▶ DESCRIPTION OF THE TASK:
Output range, inclusive: from the line containing "Economy A-frame Imprinted Chalkboard Insert" to the line containing "Mammut Bière Pixel". Restate those lines from the data below word for word and only those.

▶ AVAILABLE RECORDS:
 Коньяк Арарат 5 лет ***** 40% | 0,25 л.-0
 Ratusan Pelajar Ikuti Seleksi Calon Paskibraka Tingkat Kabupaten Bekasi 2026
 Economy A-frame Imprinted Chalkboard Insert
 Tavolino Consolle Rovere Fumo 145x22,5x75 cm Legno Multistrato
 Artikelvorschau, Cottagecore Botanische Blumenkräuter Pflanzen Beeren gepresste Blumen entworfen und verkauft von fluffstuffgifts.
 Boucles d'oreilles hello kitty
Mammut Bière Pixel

...

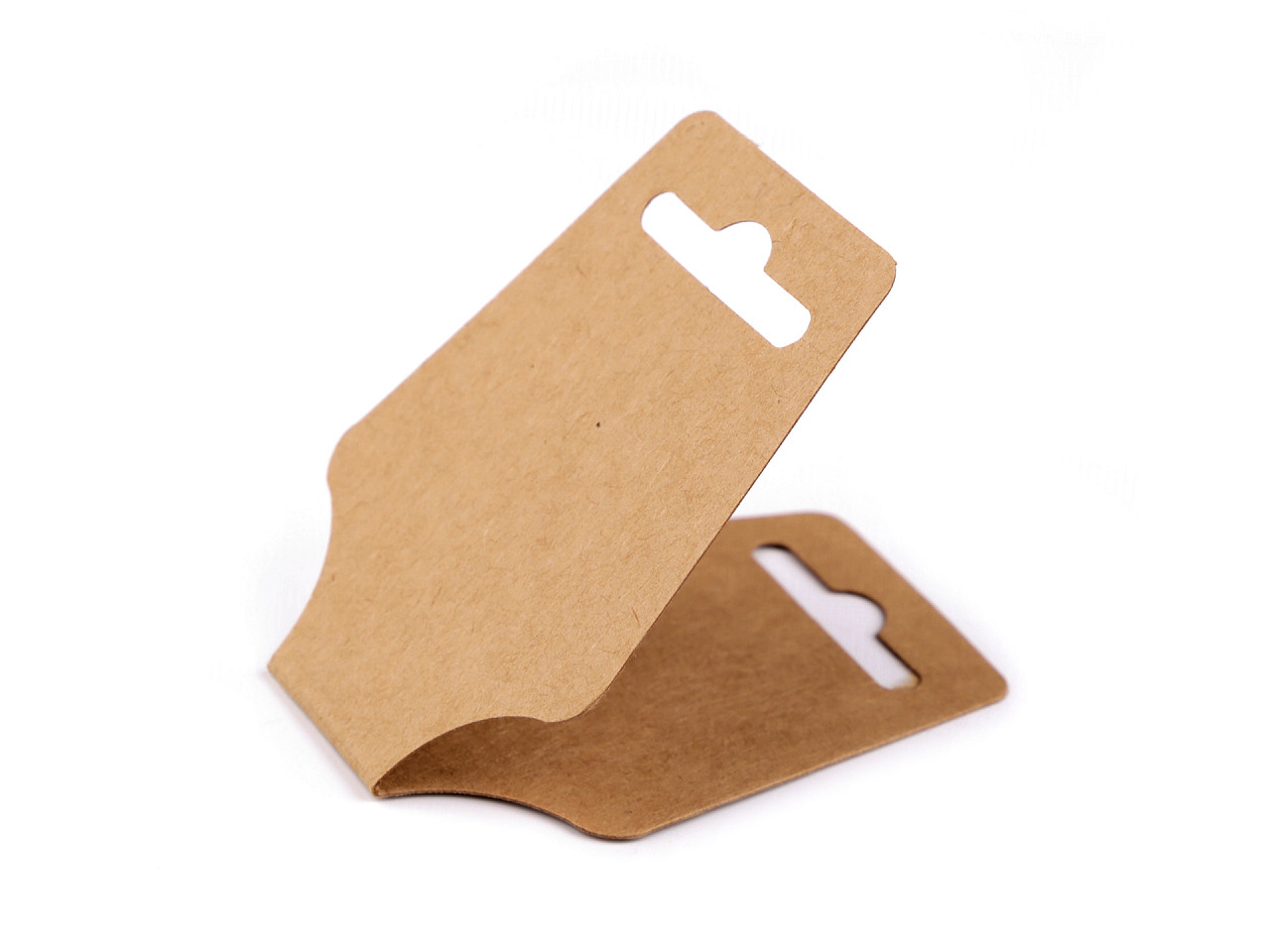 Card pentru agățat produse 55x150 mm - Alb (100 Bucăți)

▶ RESPONSE AREA:
 Economy A-frame Imprinted Chalkboard Insert
 Tavolino Consolle Rovere Fumo 145x22,5x75 cm Legno Multistrato
 Artikelvorschau, Cottagecore Botanische Blumenkräuter Pflanzen Beeren gepresste Blumen entworfen und verkauft von fluffstuffgifts.
 Boucles d'oreilles hello kitty
Mammut Bière Pixel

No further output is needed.